# WORK TO BE COMPLETED
Transcribe all the entries word for word, omitting any pictures they contain.

Caption-style text data
____________________
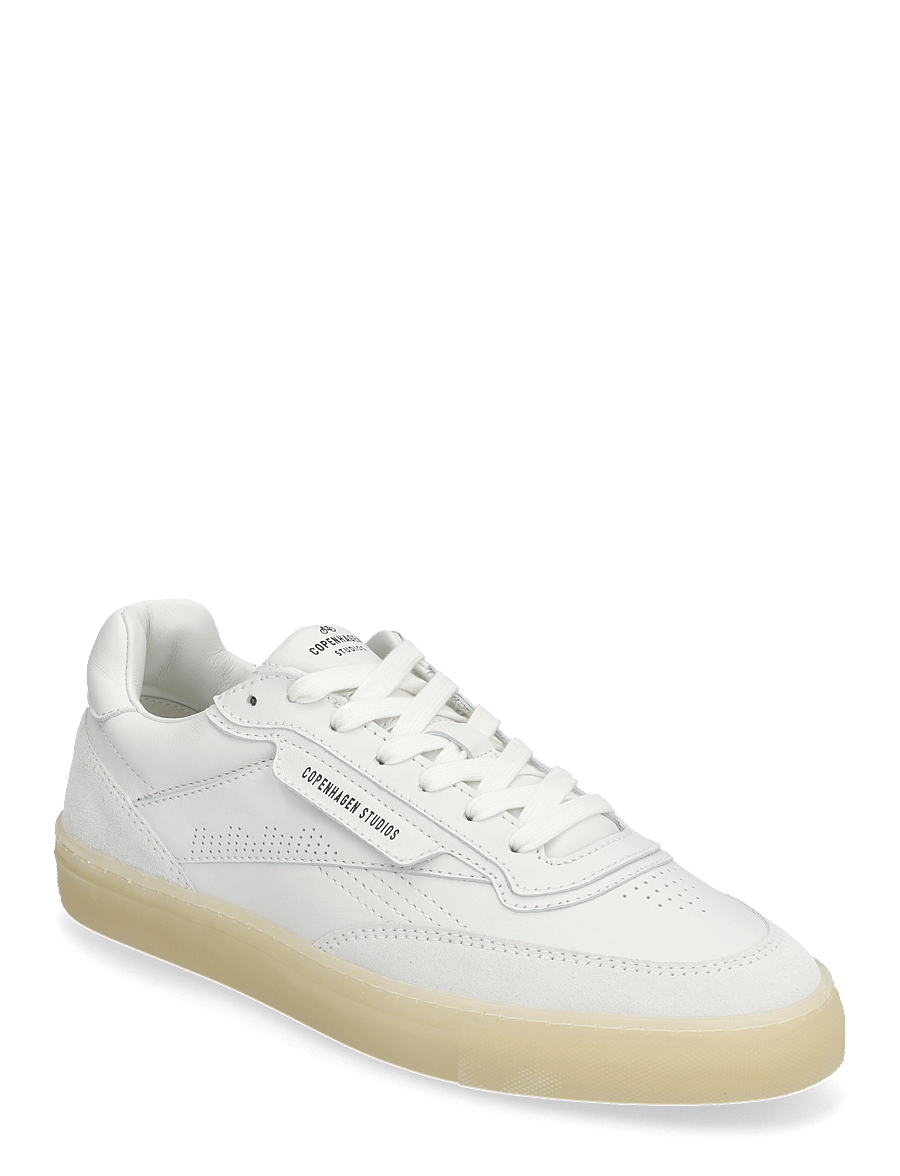 Copenhagen Studios - CPH90M leather mix white/cream - niedriger schnitt - white/cream - 0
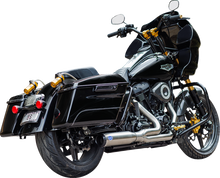S&S CYCLE 2-into-1 Qualifier Exhaust System - 50-State - Silver 550-1108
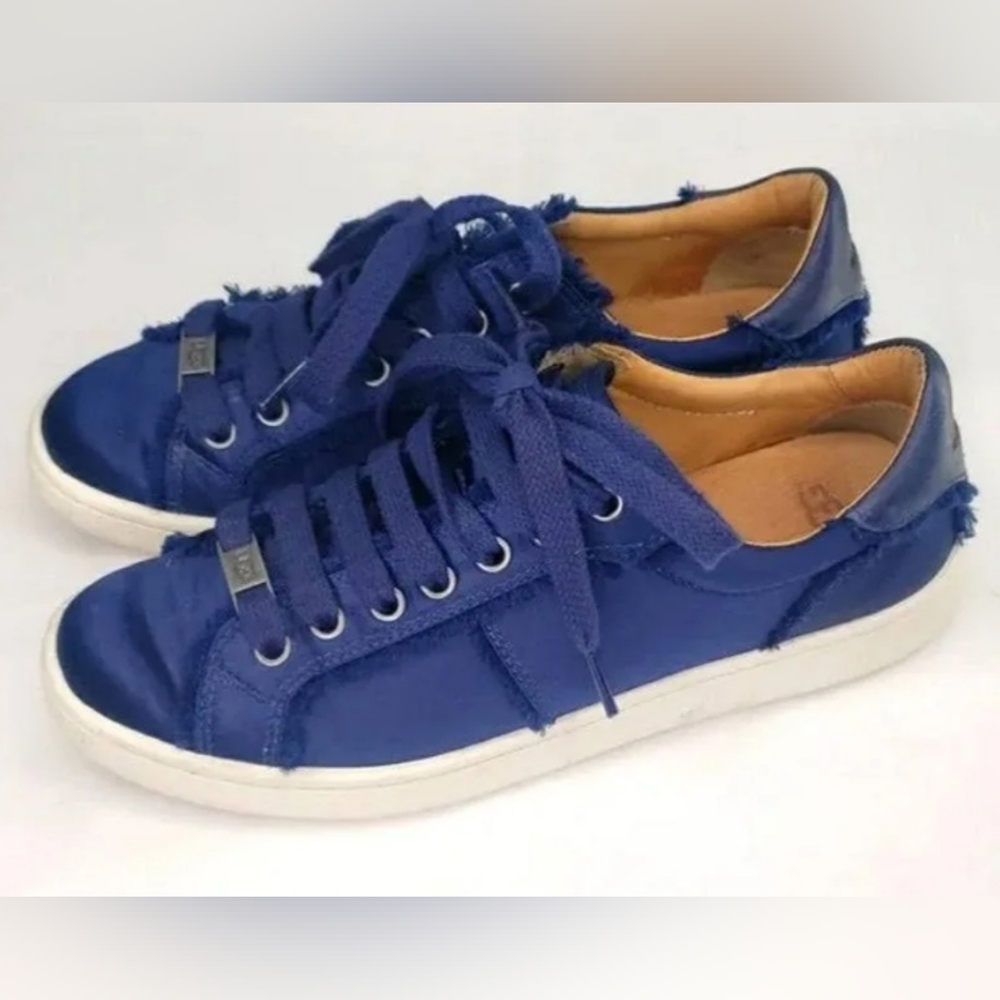 UGG Milo Satin Spill Seam Sneaker, Navy Blue, Women's Size 7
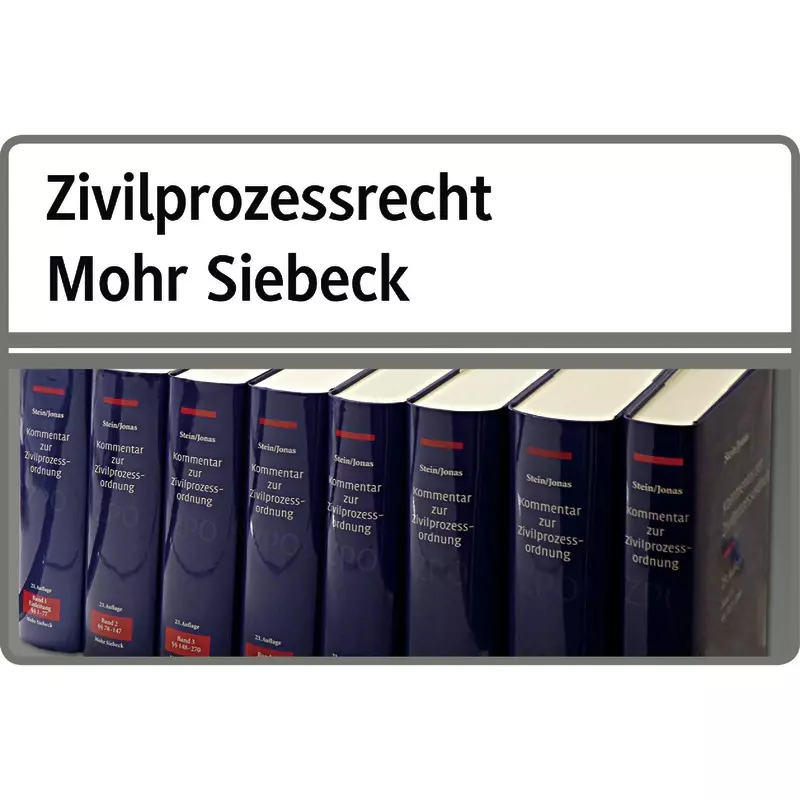 beck-online Kommentarmodul  Zivilprozessrecht Mohr Siebeck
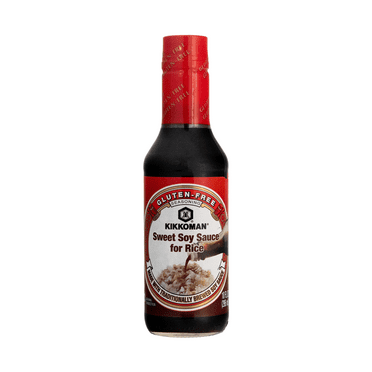 Kikkoman Sweet Soy Sauce for Rice, 10fl oz, Liquids, Gluten Free, Shelf Stable, Glass Bottle, New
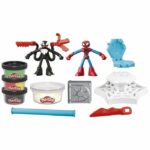 Play-Doh Spider-Man, Slash Attack box with 2 flexible figures, 7 accessories and modeling clay, from 4 years old, Marvel - Image 2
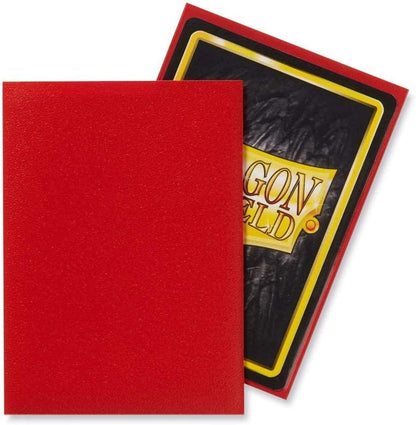 Dragon Shield Matte Sleeves - Crimson (100-Pack)
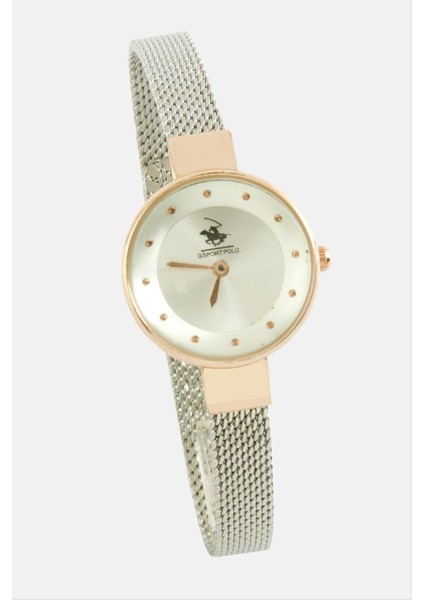 Hasır Metal Kordonlu Bayan Kol Saat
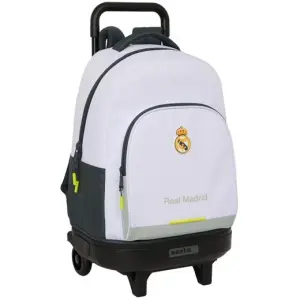 Safta Mochila Grande Con Ruedas Compacta Extraíble Real Madrid Equipación 25/26
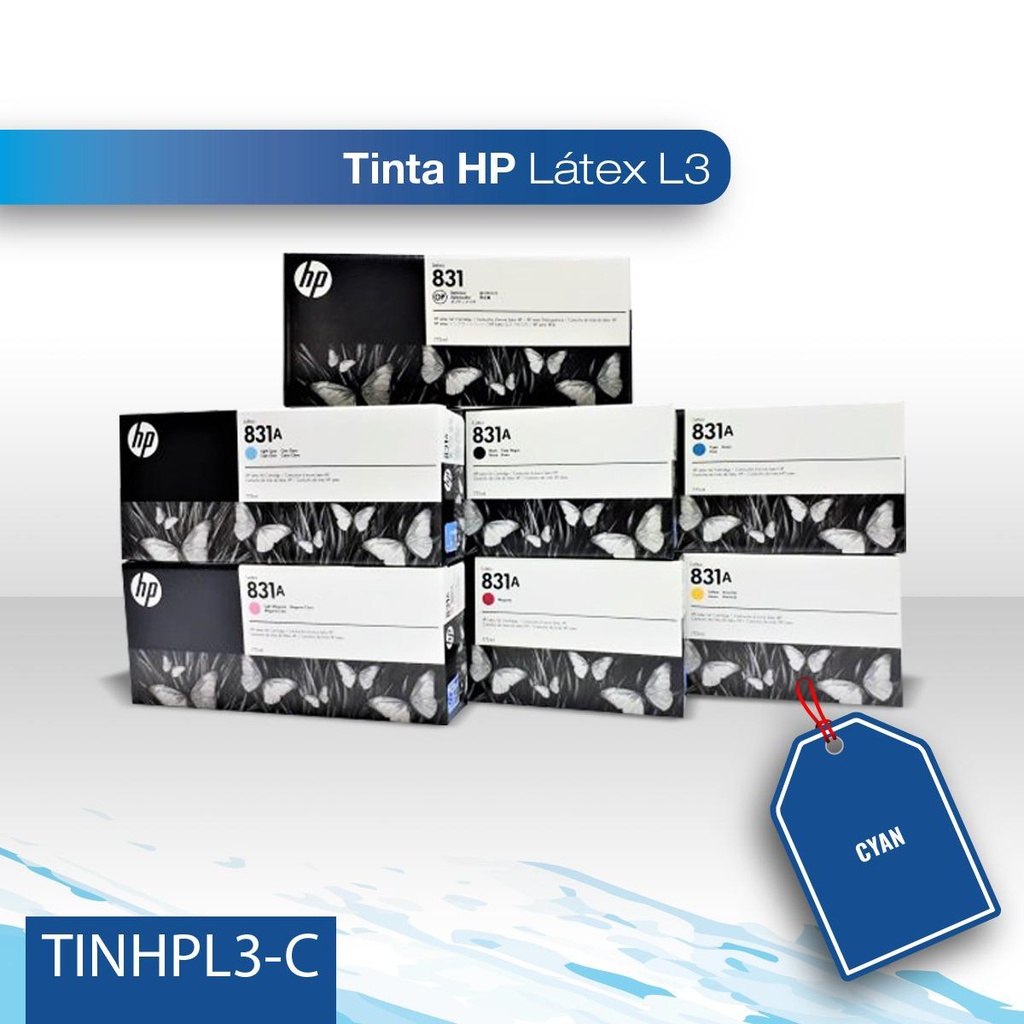 Tinta HP latex L3 cyan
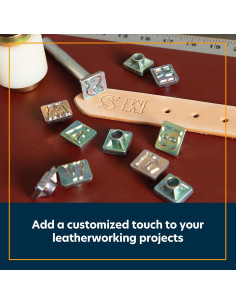Conjunto de Sellos de Cuero Weaver Leather 19 mm Letras Mayúsculas 2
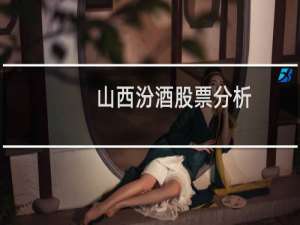 山西汾酒股票分析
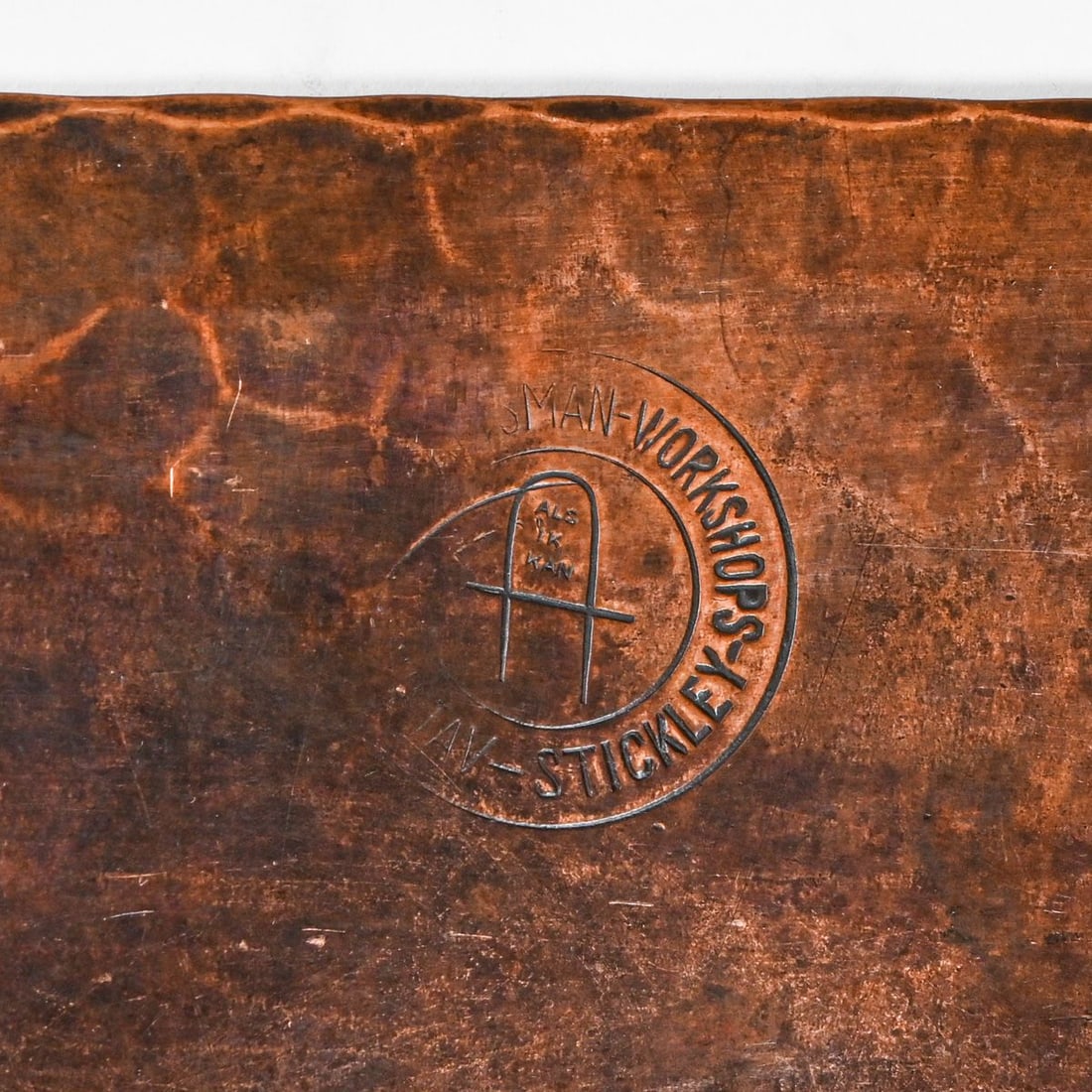 Gustav Stickley Hammered Copper Blotter Pad c1910 - 5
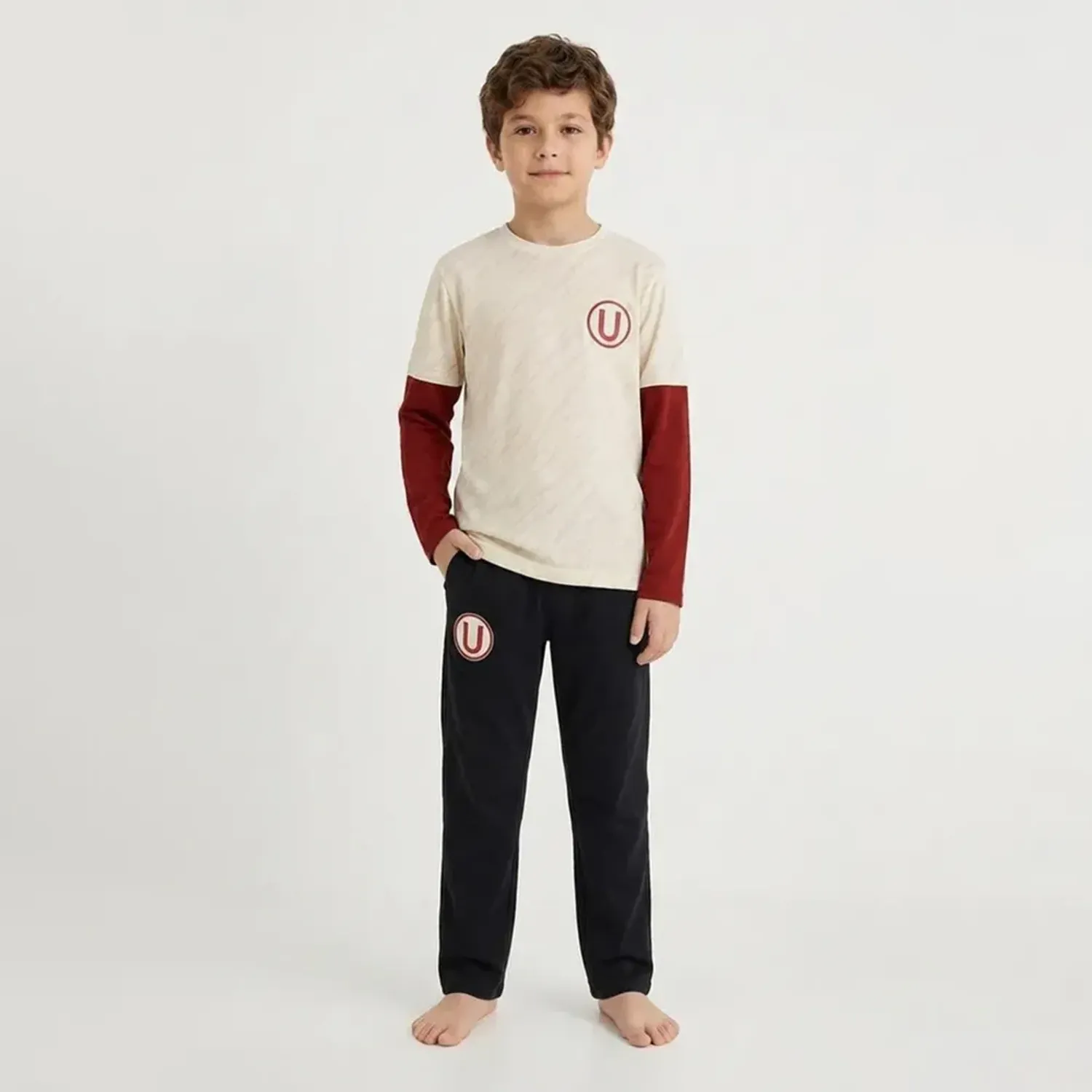 Kayser Pijama Kayser Niño Pantalon Algodon color beige | Platanitos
____________________
# FINISHED EXERCISE
 Copenhagen Studios - CPH90M leather mix white/cream - niedriger schnitt - white/cream - 0
S&S CYCLE 2-into-1 Qualifier Exhaust System - 50-State - Silver 550-1108
 UGG Milo Satin Spill Seam Sneaker, Navy Blue, Women's Size 7
 beck-online Kommentarmodul  Zivilprozessrecht Mohr Siebeck
 Kikkoman Sweet Soy Sauce for Rice, 10fl oz, Liquids, Gluten Free, Shelf Stable, Glass Bottle, New
 Play-Doh Spider-Man, Slash Attack box with 2 flexible figures, 7 accessories and modeling clay, from 4 years old, Marvel - Image 2
 Dragon Shield Matte Sleeves - Crimson (100-Pack)
 Hasır Metal Kordonlu Bayan Kol Saat
 Safta Mochila Grande Con Ruedas Compacta Extraíble Real Madrid Equipación 25/26
 Tinta HP latex L3 cyan
Conjunto de Sellos de Cuero Weaver Leather 19 mm Letras Mayúsculas 2
 山西汾酒股票分析
 Gustav Stickley Hammered Copper Blotter Pad c1910 - 5
 Kayser Pijama Kayser Niño Pantalon Algodon color beige | Platanitos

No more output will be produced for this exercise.